[RECORD EXCERPTS Boundary: Start]

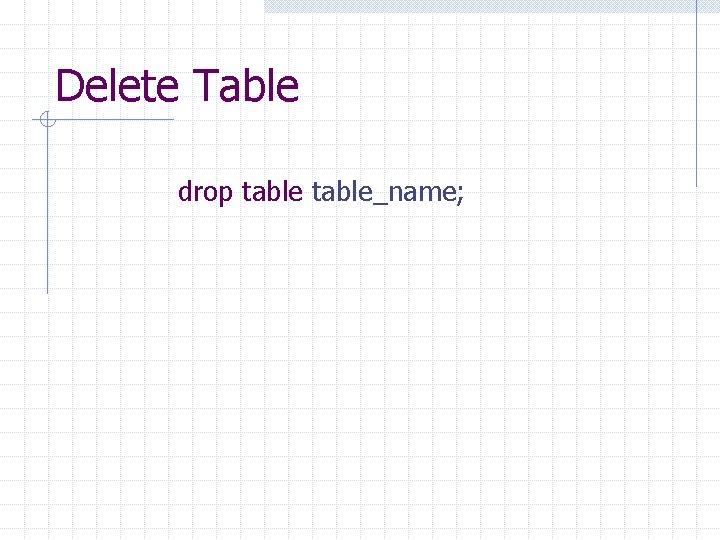 Delete Table drop table_name; 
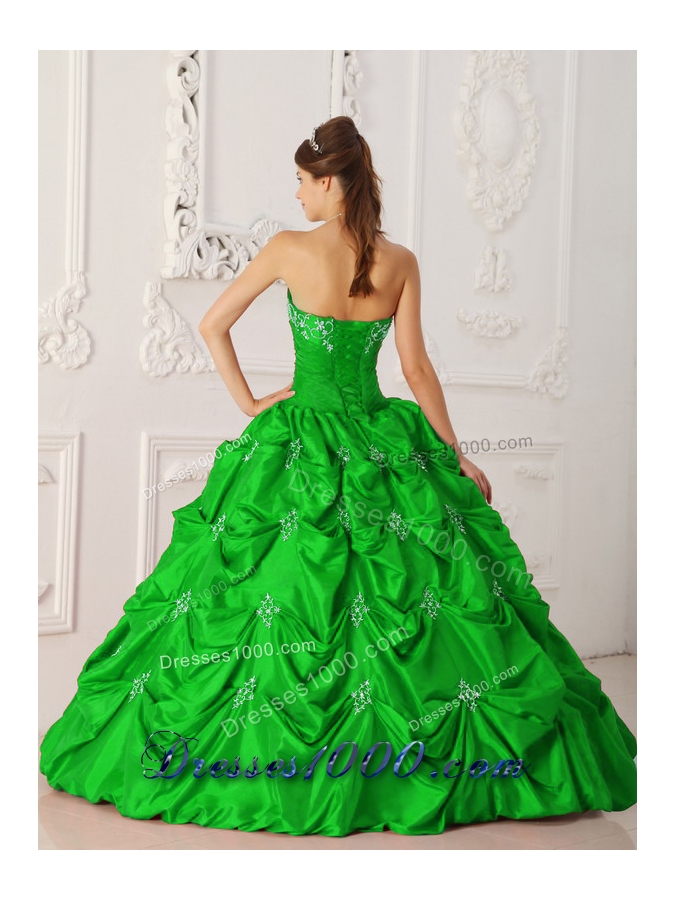 Princess Appliques Strapless 2014 Quinceanera Dresses with Beading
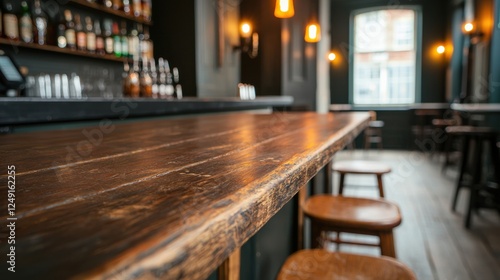 Wallpaper Mural Empty wooden bar counter top with blurred pub background Torontodigital.ca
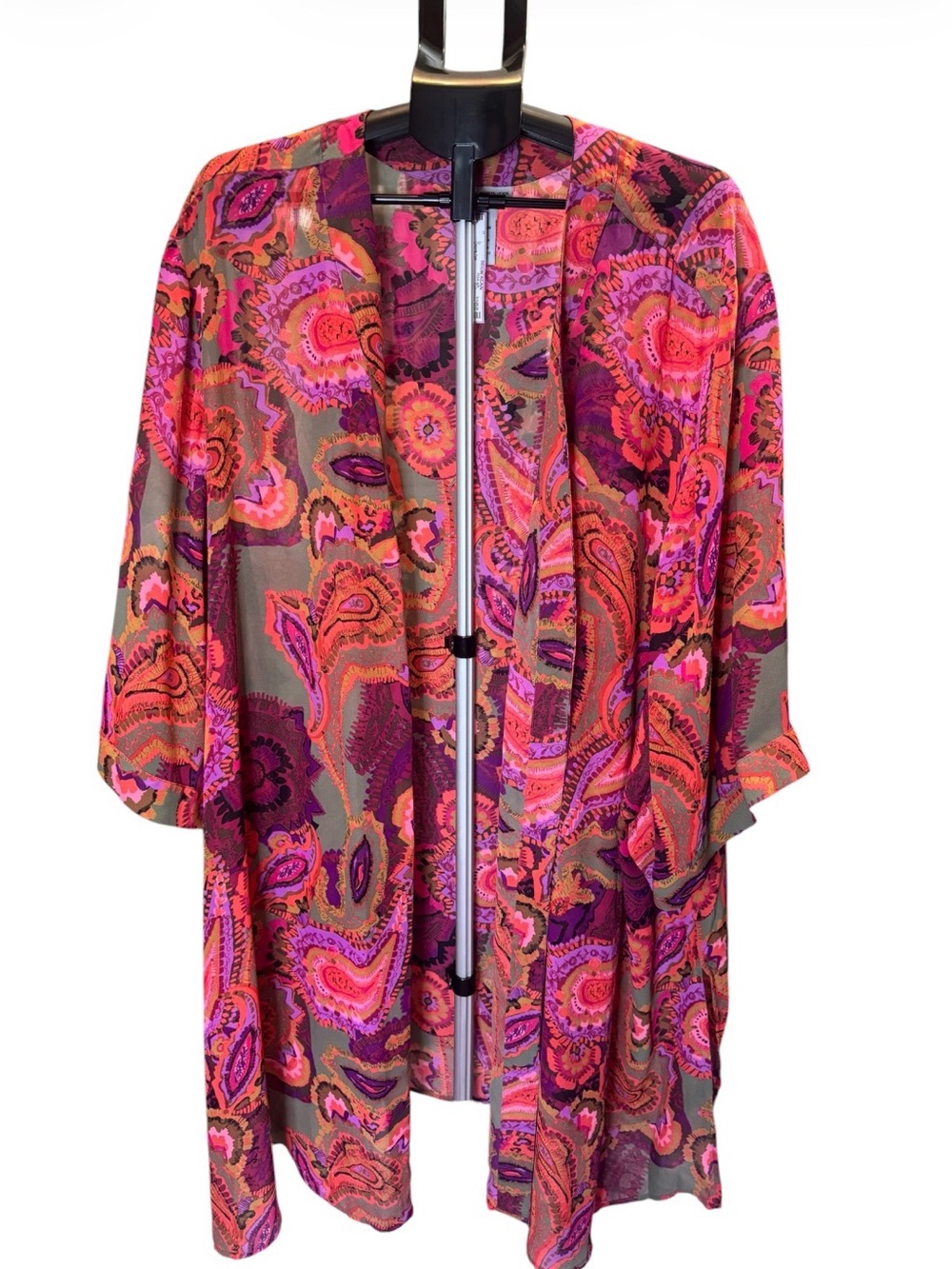 Catherine’s Multicolor Paisley Luxe Georgette Luxe Long Kimono Duster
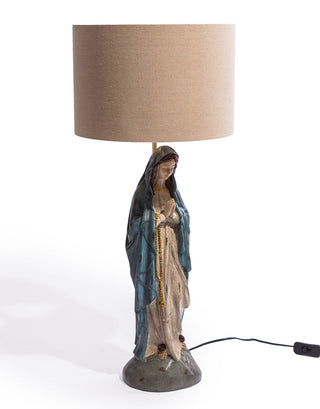 Antiqued Praying Maria Table Lamp w/ Oatmeal Shade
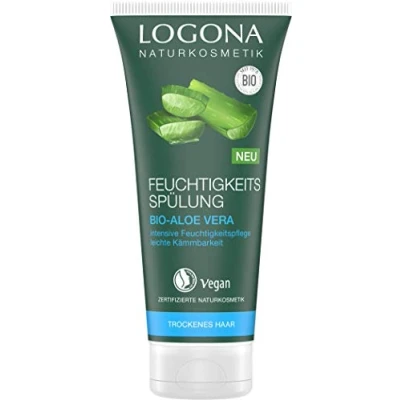 Imagen de LOGONA Naturkosmetik acondicionador hidratante de aloe vera orgánico, natural para cabello seco, hidratación intensa suave, peinado mejorado, vegano y sin silicona, 200 ml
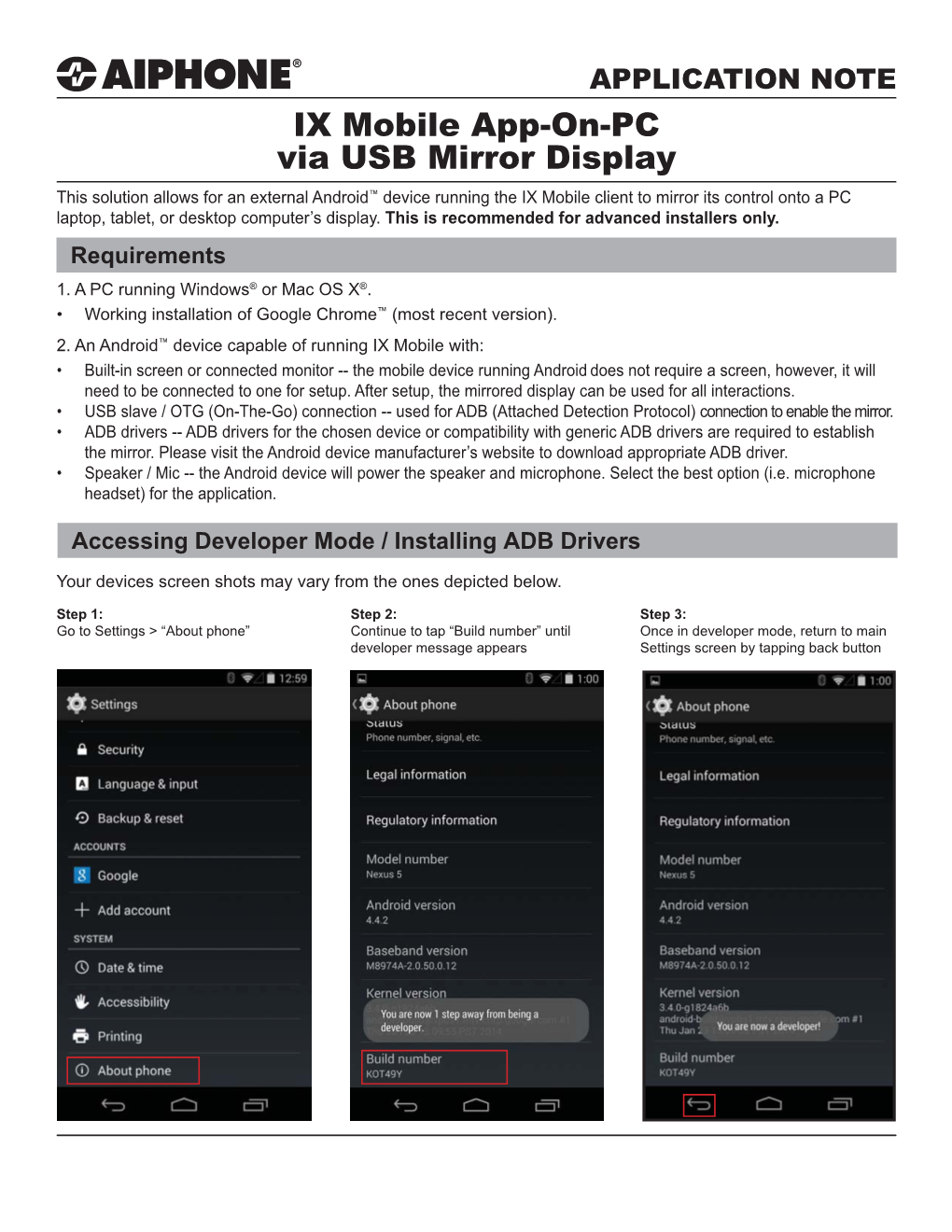 IX Mobile App-On-PC Via USB Mirror Display
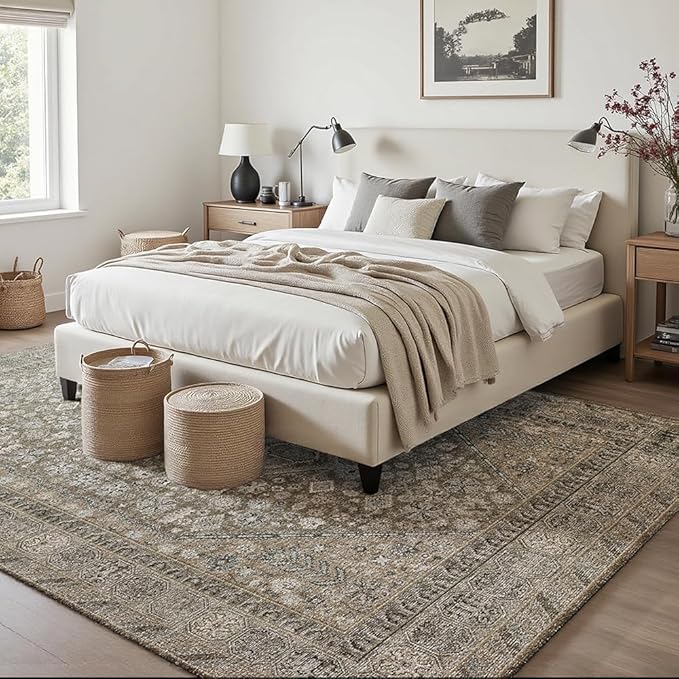 4x6 Area Rugs Beige Brown Washable Rug for Living Room, Bedroom, Dining Room, Large Carpets, Non Slip & Non-Shedding Low Pile Vintage Print Rug for Home Office Decor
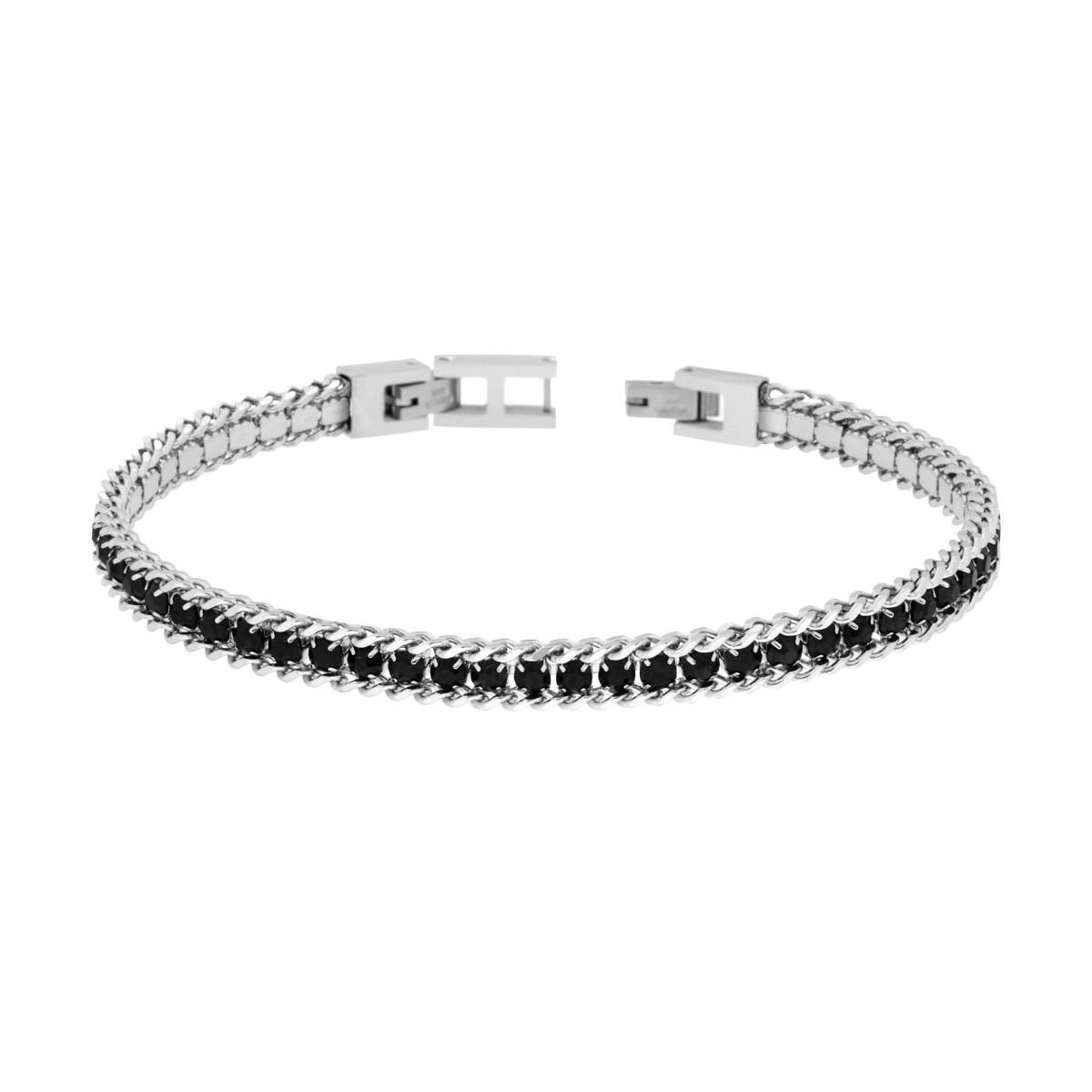 Bracciale Catena Grumetta con Tennis Crystal Neri in ACCIAIO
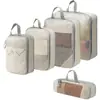 Bolsa de almacenamiento de viaje con compresión de malla transfronteriza, juego de cinco piezas, organizador de artículos de tocador, bolsa de clasificación y organización para equipaje de ropa y zapatos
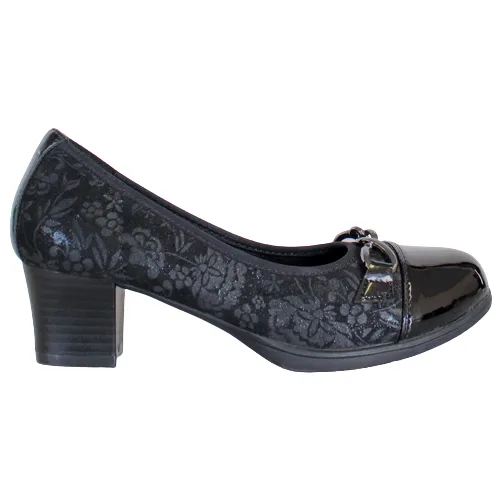 Redz Block Heeled Pumps- 6E964 - Black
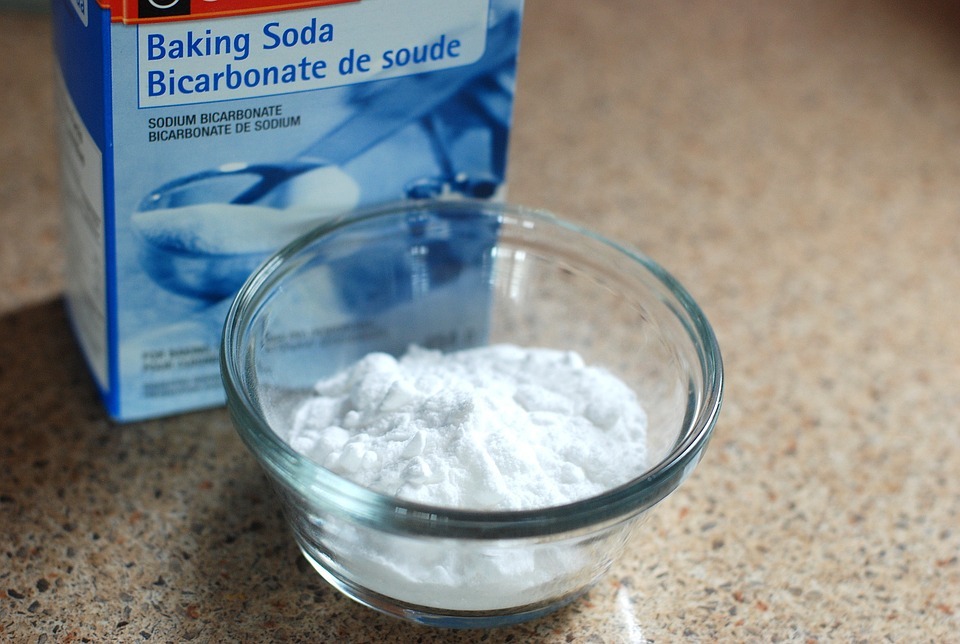 Baking soda powder on a small bowl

[RECORD EXCERPTS Boundary: End]

• **PROBLEM REQUIREMENTS**
Extract all the data above exactly, excluding every picture.

• **THE COMPLETED TASK**
 Delete Table drop table_name; 
 Princess Appliques Strapless 2014 Quinceanera Dresses with Beading
 Wallpaper Mural Empty wooden bar counter top with blurred pub background Torontodigital.ca
 Catherine’s Multicolor Paisley Luxe Georgette Luxe Long Kimono Duster
 Antiqued Praying Maria Table Lamp w/ Oatmeal Shade
 Imagen de LOGONA Naturkosmetik acondicionador hidratante de aloe vera orgánico, natural para cabello seco, hidratación intensa suave, peinado mejorado, vegano y sin silicona, 200 ml
 IX Mobile App-On-PC Via USB Mirror Display
 4x6 Area Rugs Beige Brown Washable Rug for Living Room, Bedroom, Dining Room, Large Carpets, Non Slip & Non-Shedding Low Pile Vintage Print Rug for Home Office Decor
 Bracciale Catena Grumetta con Tennis Crystal Neri in ACCIAIO
 Bolsa de almacenamiento de viaje con compresión de malla transfronteriza, juego de cinco piezas, organizador de artículos de tocador, bolsa de clasificación y organización para equipaje de ropa y zapatos
 Redz Block Heeled Pumps- 6E964 - Black
 Baking soda powder on a small bowl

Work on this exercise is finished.